The features used for learning SVM models are detailed bellow for each fault.

4.1.1 Stuck measurements

Data exchange with the system might be interrupted for few sampling periods, especially in wireless systems, which is frequent in WT. The measurement is therefore stuck at the last exchange with the system. In order to detect such a fault, the use of the derivative of the measurement can be very useful. A wise filter is however necessary in order to overcome difficulties due to measurement noise. The sensors concerned by this type of fault are the pitch position sensor and the rotor and generator speed sensors.

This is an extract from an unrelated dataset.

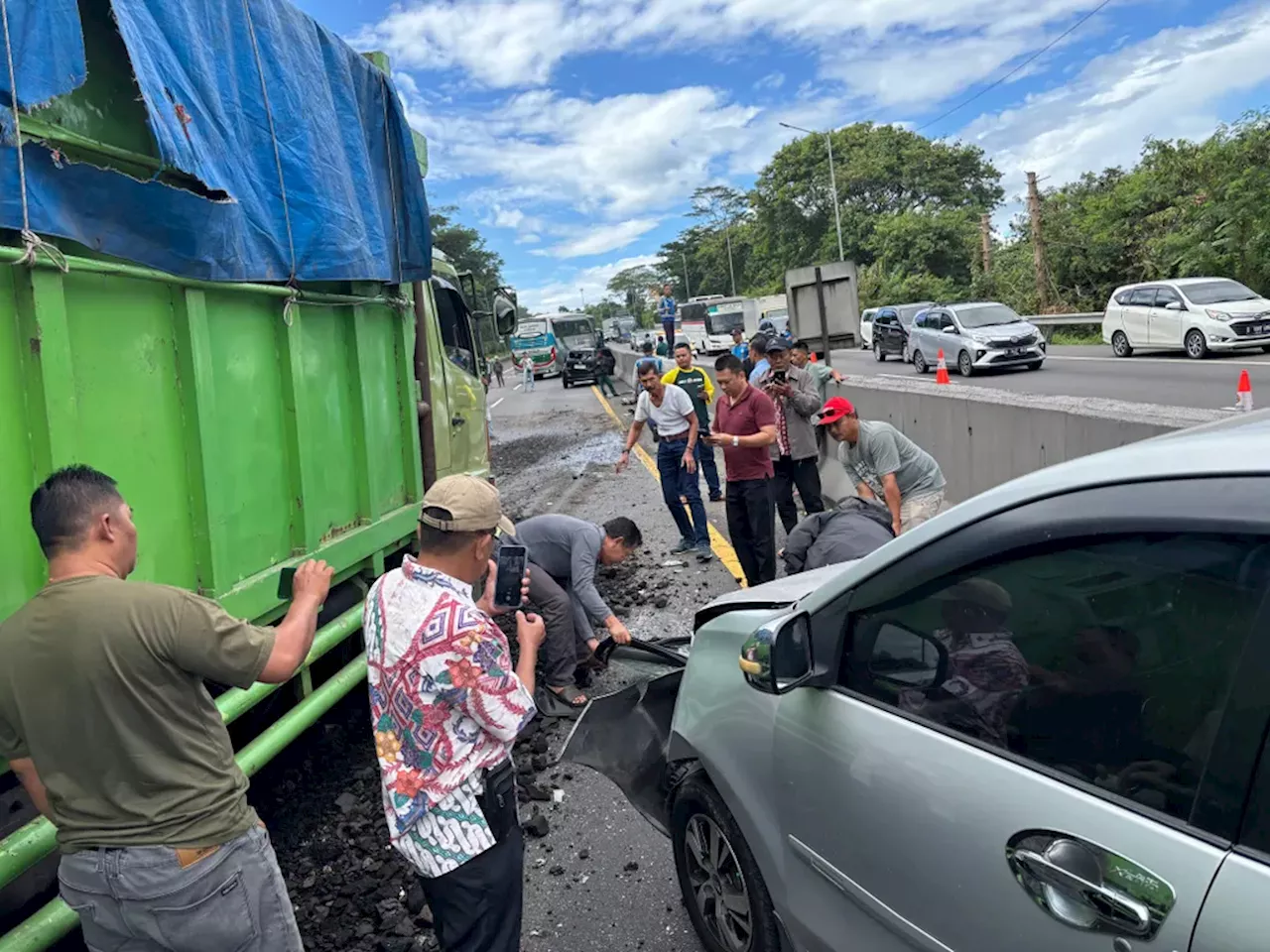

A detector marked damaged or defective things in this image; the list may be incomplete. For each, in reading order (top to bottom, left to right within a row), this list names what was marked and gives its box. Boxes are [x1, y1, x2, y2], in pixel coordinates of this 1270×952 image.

Pitch position sensor. For stuck pitch position sensor fault (fault 1a), the following vector is used for detection and isolation:

$$x = \left[ {\matrix{{\hat \beta _k^{m1}({t_j}) - \hat \beta _k^{m2}({t_j})} \cr {\beta _k^{m1}({t_j}) - \beta _1^{m1}({t_{j - 1}})} \cr {\beta _k^{m2}({t_j}) - \beta _1^{m2}({t_{j - 1}})} \cr } } \right]$$
(8)

where t j and t j −1 are the time instances j and j − 1, respectively, \(\beta _k^{mi}\) is the measured pitch position, and \({\hat \beta }\) is the measured pitch position filtered using τ = 6 × T s s. The first line allows fault detection. The second and third lines allow fault isolation (sensor number 1 or 2). They give a kind of derivative of the sensor measurement (without the division by T s , and using the absolute value).

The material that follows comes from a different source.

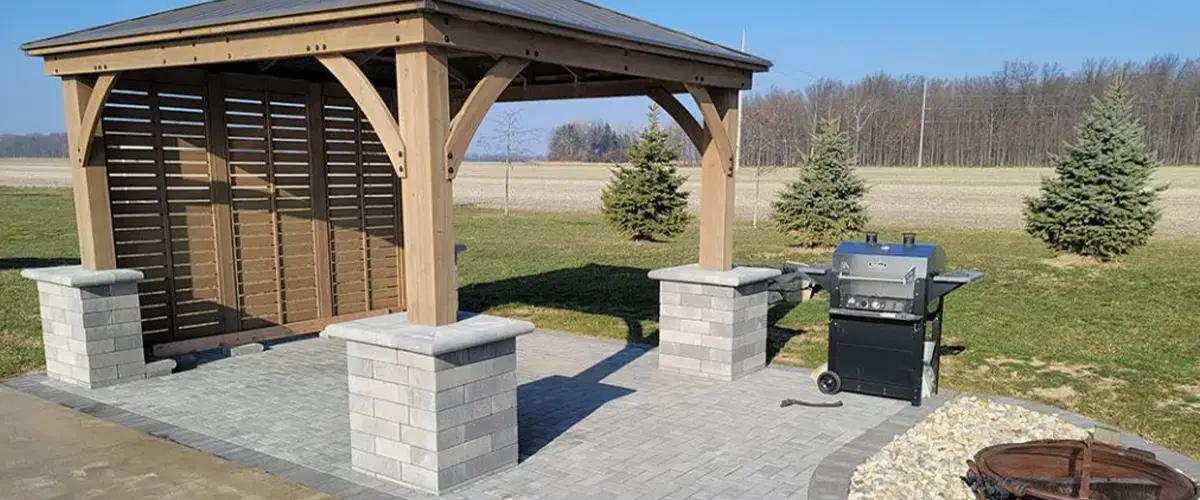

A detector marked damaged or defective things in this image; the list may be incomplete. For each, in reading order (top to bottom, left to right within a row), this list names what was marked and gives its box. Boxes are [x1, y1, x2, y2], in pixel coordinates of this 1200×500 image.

rusted metal fire ring [964, 438, 1200, 496]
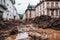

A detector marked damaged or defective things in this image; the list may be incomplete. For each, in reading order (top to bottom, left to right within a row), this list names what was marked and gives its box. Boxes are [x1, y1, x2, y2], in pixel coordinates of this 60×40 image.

damaged facade [0, 0, 19, 20]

For practical applications, when

$$|\beta _k^{mi}({t_j}) - \beta _k^{mi}({t_{j - 1}})| = 0$$

this term is replaced by a large constant value (5000) in order to enhance distinguishability between the fixed value fault and normal case (no fault) as these values oscillate between 1×10−2 and 2. For all sensors measuring the pitch positions (\(\beta _k^{mi},k = 1,2,3,i = 1,2\)), the same model is used with the variance σ tuned at 10.

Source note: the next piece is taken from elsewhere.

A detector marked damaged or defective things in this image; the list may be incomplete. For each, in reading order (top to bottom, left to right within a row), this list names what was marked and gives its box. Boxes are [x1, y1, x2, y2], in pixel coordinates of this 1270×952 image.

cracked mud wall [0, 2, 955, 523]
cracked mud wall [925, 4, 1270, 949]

Generator and rotor speed sensors. For stuck rotor (fault 2a) and generator (fault 3a) speed sensor faults (ω g,mi , ω r ,mi i = 1, 2), the following vector is used for detection and isolation:

$$x = \left[ {\matrix{{|\hat \omega _p^{m1}({t_j}) - \hat \omega _p^{m2}({t_j})|} \cr {|\omega _p^{m1}({t_j}) - \omega _p^{m1}({t_{j - 1}})|} \cr {|\omega _p^{m2}({t_j}) - \omega _p^{m2}({t_{j - 1}})|} \cr } } \right],\quad p = g,r$$
(9)

where \({{\hat \omega }_g}\) is obtained using a filter with τ = 2 × T s s and \({{\hat \omega }_r}\) using τ = 60 × T s s. The Gaussian variance is tuned at σ = 15.

4.1.2 Scaled measurements

Scaled faults might occur in the sensors, for instance, due to calibration errors, or drifts in some components of the sensor with time. Therefore, these faults might appear progressively. In order to detect such faults, the difference (in absolute value) between the “desired” and measured values is considered after filtering. It is important to note that in the benchmark these faults are simulated as a multiplicative gain (\(\beta _k^{mi} = k \times {\beta _k}\)). Therefore, once the drift attains a sufficiently detectable limit, it can be detected and isolated. When the measurement equals zero, the faulty measurement coincides with the real one, even though the sensor might be defected. Therefore, in the considered scenarios, the faults are introduced at instances where \(\beta _k^{mi} \ne 0\), otherwise it is not detected.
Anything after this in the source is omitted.